5 Minutes with Jenny Worton | Prince Charming

We spoke to Prince Charming writer Jenny Worton about how she wrote our new show which re-imagines the fairy-tale character we all know so well.

What was your starting point when beginning to write Prince Charming?

I love the way that young children deal democratically with their problems. So, the problem of a lost vital piece of Lego sits right next to the problem of why do I one day have to die? As a parent I find this dizzying and delightful. It leads me to think about the way I view my own anxieties, and about how easily I persuade myself that they are reasonable… when in fact, I’ve just become more sophisticated in the way I articulate the very things I worried about as a child!

The emotional equality that children bring to their worries is also rich ground for comedy. It allowed me to take a profoundly absurd anxiety, such as Prince Charming’s fear of the Bermuda Triangle, and give it real dramatic stakes. I wanted to meet children on their own ground. So if the Bermuda Triangle is as much a problem as the question ‘why do I exist’ then let’s give both equal treatment. I hope the play gives genuine credence to both, whilst lovingly mocking them in equal measure.

Finally, I wanted to write something about the expectations inadvertently placed on children. I suppose, thanks to the fact I have three boys, I was drawn to the archetype of Prince Charming because it sums up the impossible qualities narrative entertainment often imposes on boys. (My goodness, there’s a whole cycle of plays I’d like to write for girls!) I liked the idea of subverting the archetype, in the hope it might free us from the expectations.

Prince Charming struggles with anxiety in the play.
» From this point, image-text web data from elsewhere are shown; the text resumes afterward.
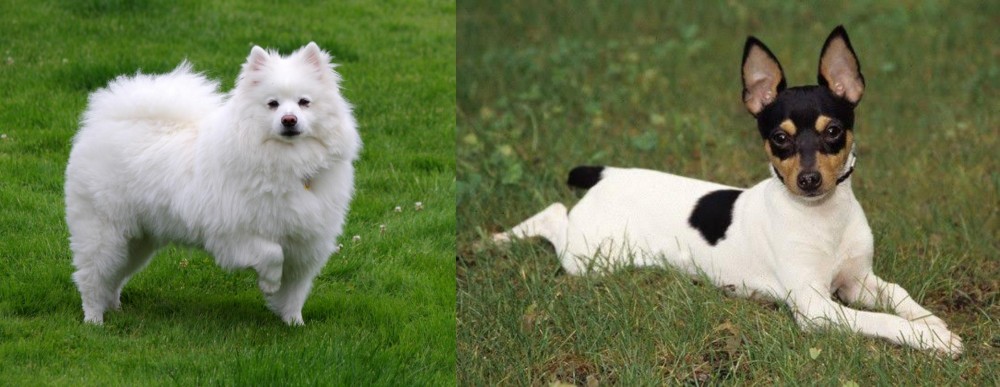 Toy Fox Terrier vs American Eskimo Dog - Breed Comparison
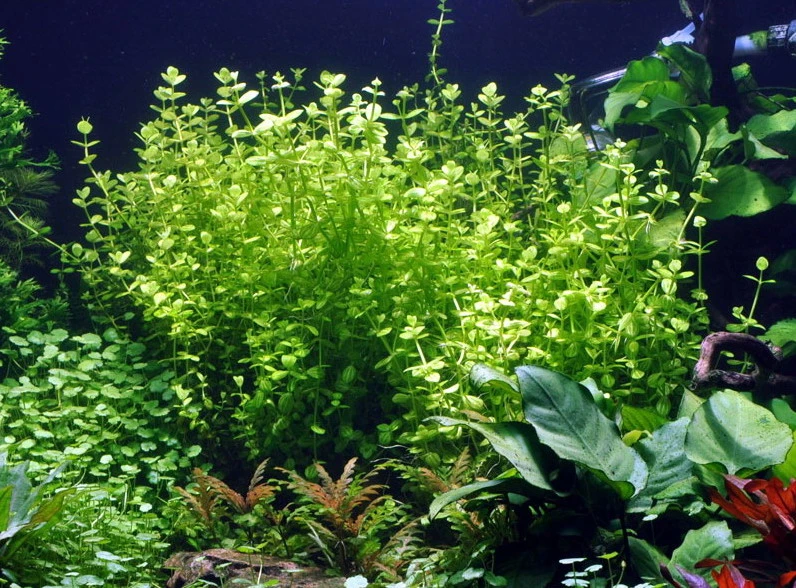 Rundblättriges Büchsenkraut WEISS-GRÜN im Topf / Lindernia rotundifolia 'Variegated' Rundblättriges Büchsenkraut WEISS-GRÜN Im Topf / Lindernia Rotundifolia 'Variegated' -Wfw Wasserflora T045T 1 3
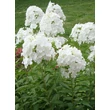 Kép 2/3 - Phlox paniculata 'Fujiyama' – Bugás lángvirág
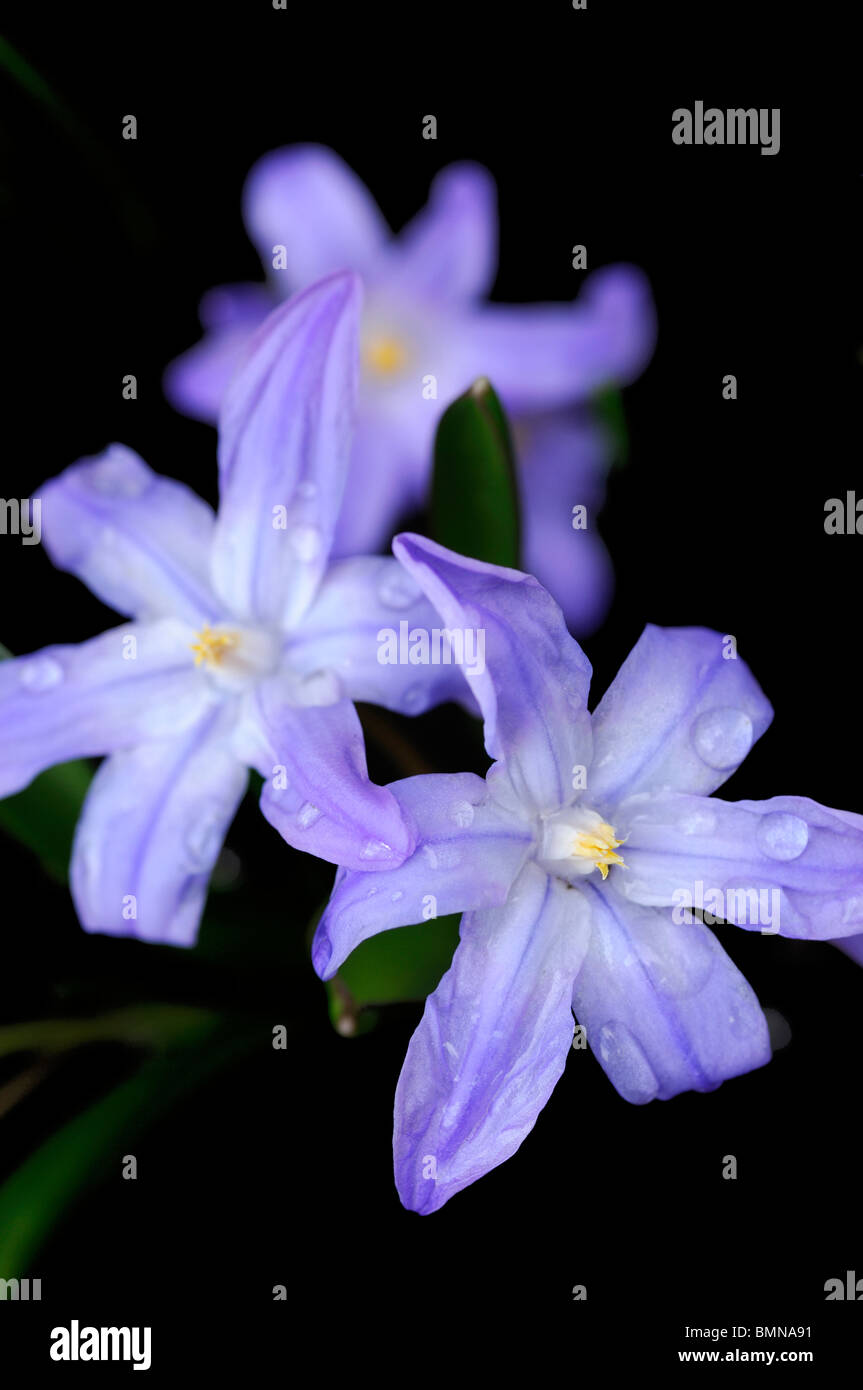 Chionodoxa luciliae syn Chionodoxa gigantea Scilla luciliae glory of the snow blue blossoms spring flowers blooming bloom Stock Photo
How did you go about making this subject accessible and fun for children to watch?

Comedy and music. That’s it.

No, there’s way more to say than that. A great story. A story is just a useful vehicle for a writer to talk about the things they want to talk about. The better your vehicle, the more fun your audience has, the more attention they give you, the more your theme may resonate (I hope… I’m not really in charge of that bit).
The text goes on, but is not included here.